[The task] Everything in the entries except the pictures should be copied exactly.

= = = = =

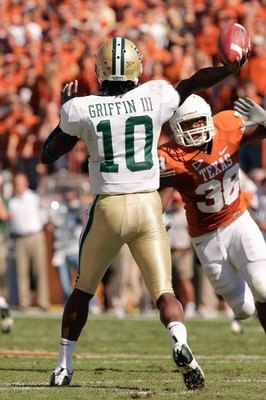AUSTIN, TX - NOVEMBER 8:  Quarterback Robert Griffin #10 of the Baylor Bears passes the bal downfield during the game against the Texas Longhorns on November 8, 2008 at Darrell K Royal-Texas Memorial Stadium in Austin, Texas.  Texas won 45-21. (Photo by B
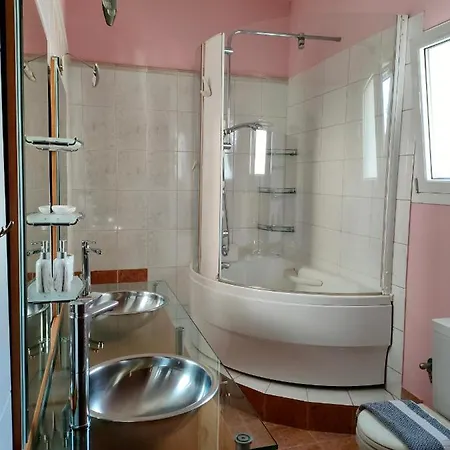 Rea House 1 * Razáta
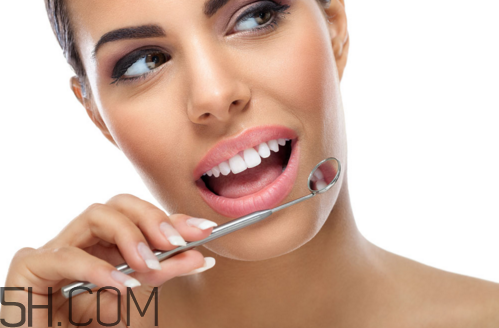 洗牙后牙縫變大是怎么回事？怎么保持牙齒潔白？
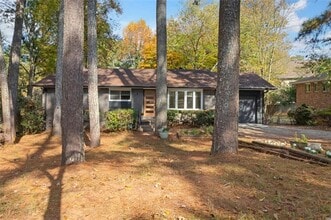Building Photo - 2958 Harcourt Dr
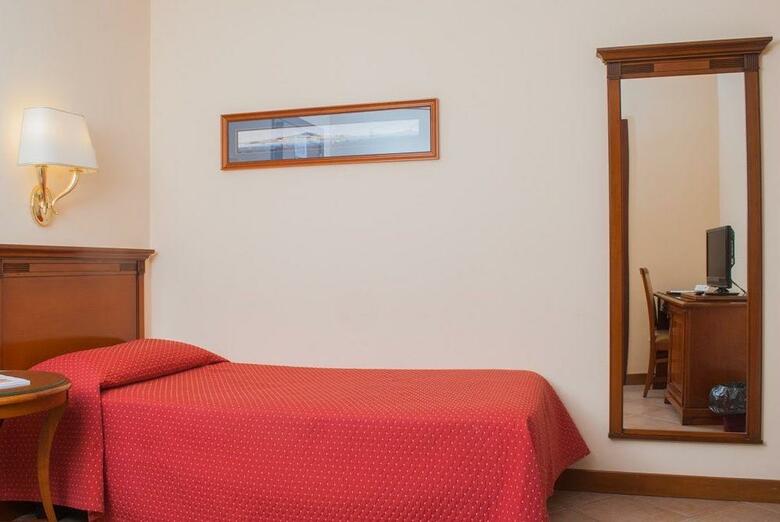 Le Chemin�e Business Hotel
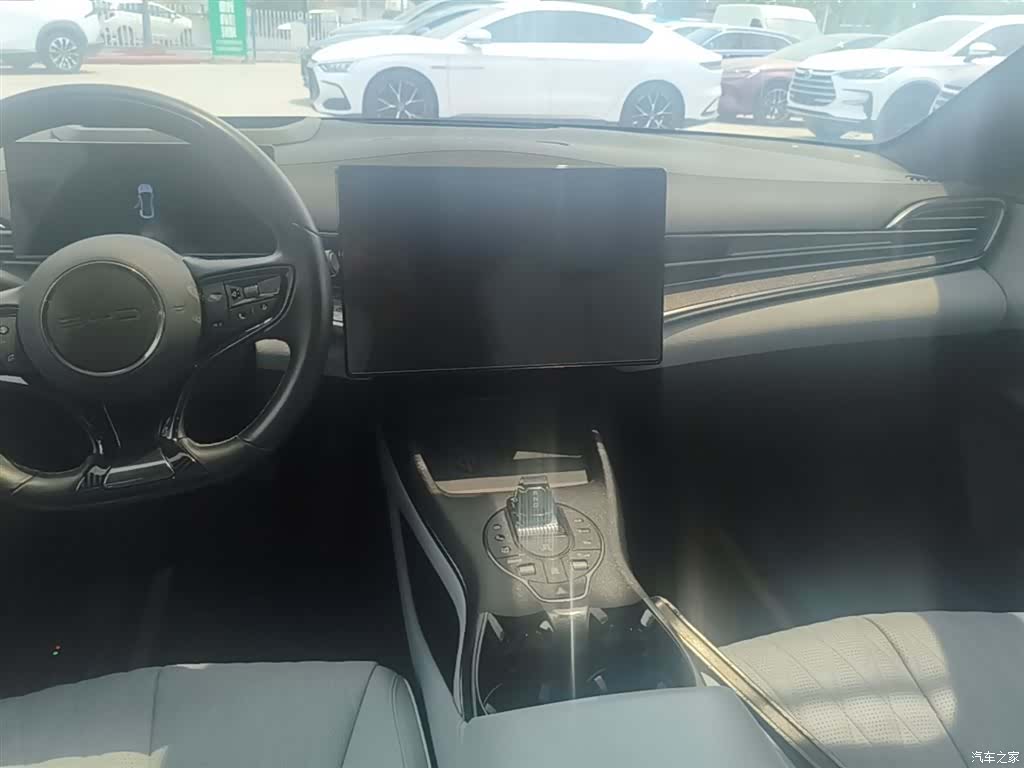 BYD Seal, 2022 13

= = = = =

[Answer]
AUSTIN, TX - NOVEMBER 8:  Quarterback Robert Griffin #10 of the Baylor Bears passes the bal downfield during the game against the Texas Longhorns on November 8, 2008 at Darrell K Royal-Texas Memorial Stadium in Austin, Texas.  Texas won 45-21. (Photo by B
 Rea House 1 * Razáta
 洗牙后牙縫變大是怎么回事？怎么保持牙齒潔白？
Building Photo - 2958 Harcourt Dr
 Le Chemin�e Business Hotel
 BYD Seal, 2022 13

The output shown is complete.